WORK REQUIRED »
Send back the line that contains "Ikona programu: Uni Tarot (8 decks+)" and all lines following it through the end of the data below, exactly, omitting pictures.

SUPPLIED MATERIAL »

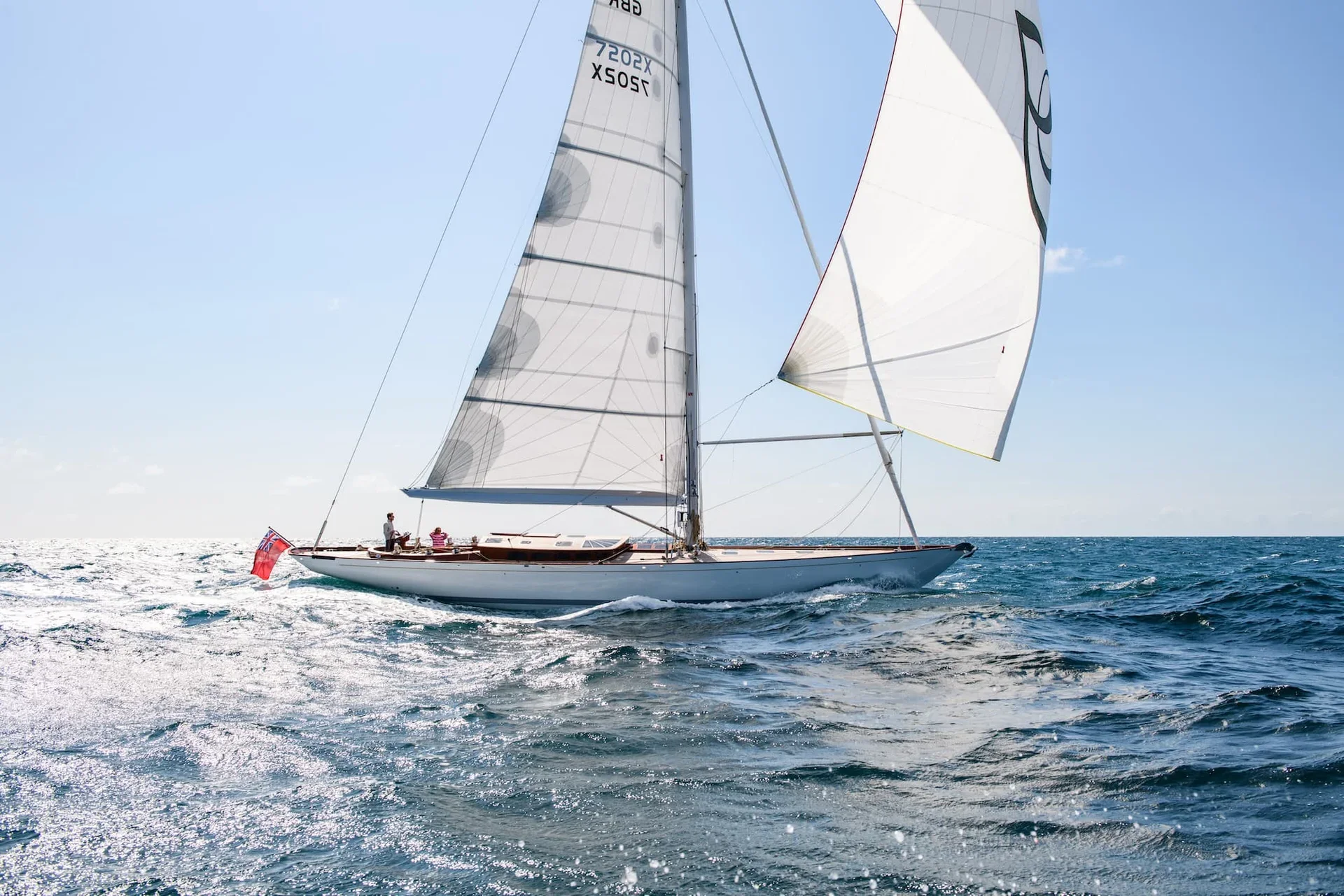 Spirit Yachts C72 — photo 1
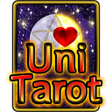 Ikona programu: Uni Tarot (8 decks+)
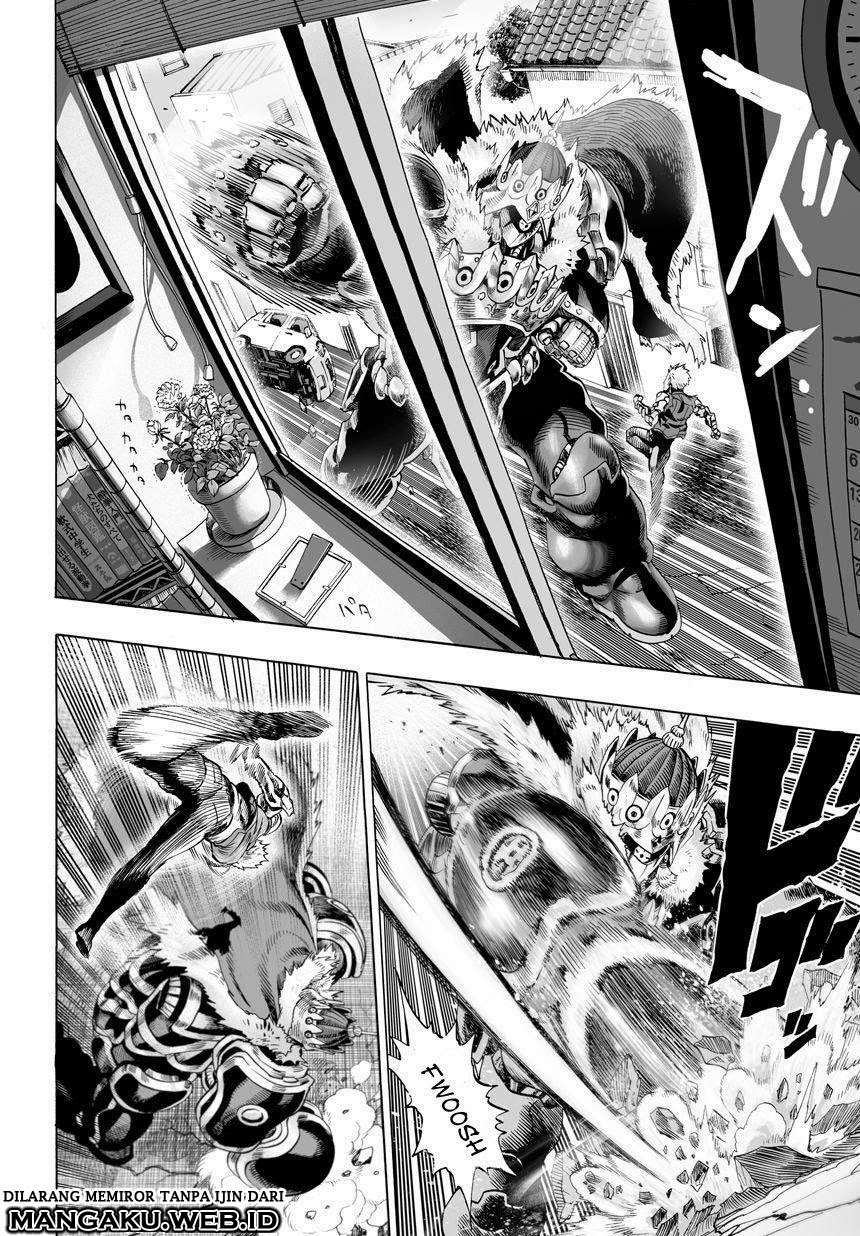 Read One Punch-Man Bahasa Indonesia (ID) Manga Online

WRITTEN RESPONSE »
 Ikona programu: Uni Tarot (8 decks+)
 Read One Punch-Man Bahasa Indonesia (ID) Manga Online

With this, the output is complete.